Familienrichter: Skepsis zu Sachwalterschaft neu

Mit Skepsis reagieren die Familienrichter auf das Projekt, mit dem ÖVP-Justizminister Wolfgang Brandstetter die Zahl von Sachwalterschaften verringern will. Dabei wird versucht, Menschen mit psychischen oder intellektuellen Beeinträchtigungen soweit zu unterstützen, dass sie weiter selbst über ihr Leben bestimmen können. Aber mit den bisherigen, bescheidenen Mitteln werde sich nichts ändern, so die Familienrichter.

Morgenjournal, 7.4.2014

"Ohne Geld wird's nicht funktionieren"

Keine Macht über das eigene Geld, keine eigene Unterschrift und keine freie Entscheidung - das gilt für immer mehr Menschen in Österreich. Knapp 60.000 sind es bereits, sie sind - wie es im Juristendeutsch heißt - "besachwaltet". Eingedämmt werden soll diese Zahl durch ein Modellprojekt mit verbindlichem Clearing, also dem Versuch, mit Unterstützung von Sozialarbeitern die Selbstbestimmung möglichst lange zu erhalten.

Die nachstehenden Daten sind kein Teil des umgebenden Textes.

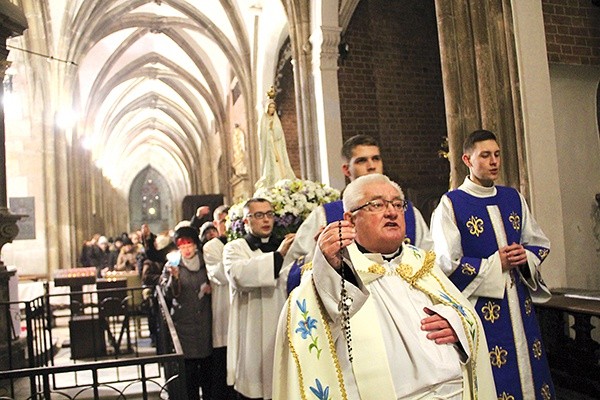 Po Eucharystii wewnątrz katedry odbyła się procesja fatimska, podczas której odmówiono Różaniec. Nabożeństwu przewodniczył ks. dr Marian Biskup, dyrektor Wydziału Duszpasterskiego Kurii Metropolitalnej Wrocławskiej.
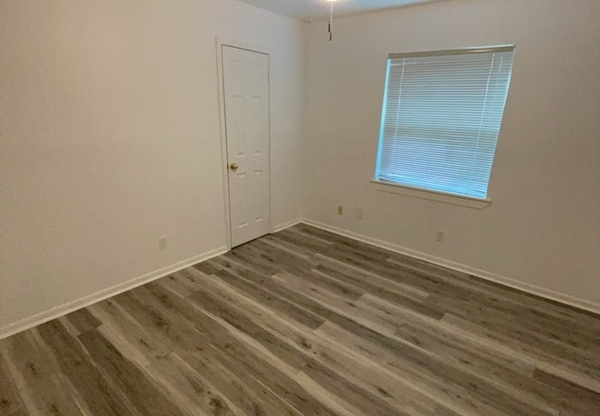 5455 S ACRES DR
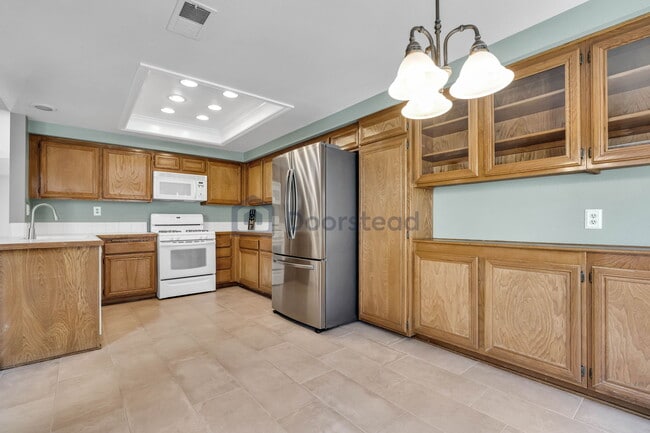 Building Photo - 1 Deerpath Pl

Die Idee sei zwar gut, sagt die Sprecherin der Familienrichter, Doris Täubel-Weinreich: "Allerdings ist so wenig Geld da, dass dieses Clearing plus, wie es heißt, nämlich dass man schaut, was kann im Vorfeld ohne Sachwalterschaft gemacht werden, ohne mehr Geld in die Hand zu nehmen, einfach nicht funktionieren wird."

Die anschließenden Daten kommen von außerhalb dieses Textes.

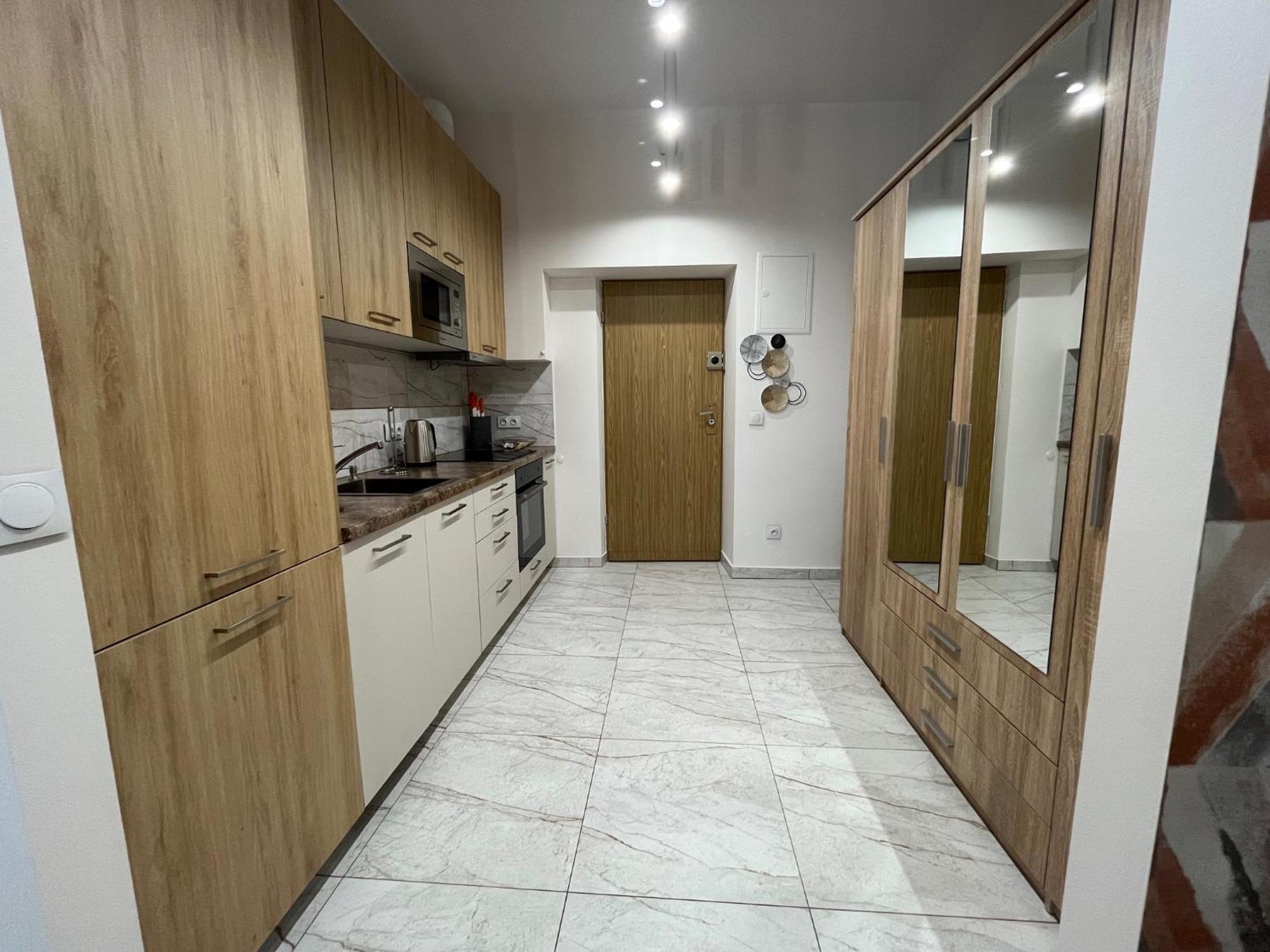 St. Cross Apartment كراكوفيا المظهر الخارجي الصورة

"Mehr ändern als nur die Bezeichnung"

Aber zusätzliches Geld vom Justizministerium für das Modellprojekt gibt es nicht, obwohl der Versuch, eine Sachwalterschaft zu vermeiden, sehr zeitintensiv ist. Täubel-Weinreich: "Beim Clearing plus ist zum Beispiel die Vorstellung, dass ein Sozialarbeiter bei der Antragstellung für irgendwelche Sozialleistungen hilft. Das heißt, er muss dann mit dem Betroffenen hingehen und ihn begleiten. Natürlich ist das zeitintensiv" - und mit den 50 Mitarbeiterinnen und Mitarbeiter für Clearing, die es schon bisher gibt, nie zu schaffen. Nötig wäre mindestens zehn Mal so viel Personal, so die Familienrichterin. Immerhin gibt es jährlich etwa 5.000 neue Fälle dafür. Sie warnt davor, nur die Bezeichnung zu ändern: "Da bräuchte es viel mehr Kapazitäten", denn sonst würde sich für die Betroffenen gar nichts ändern, so Täubel-Weinreich.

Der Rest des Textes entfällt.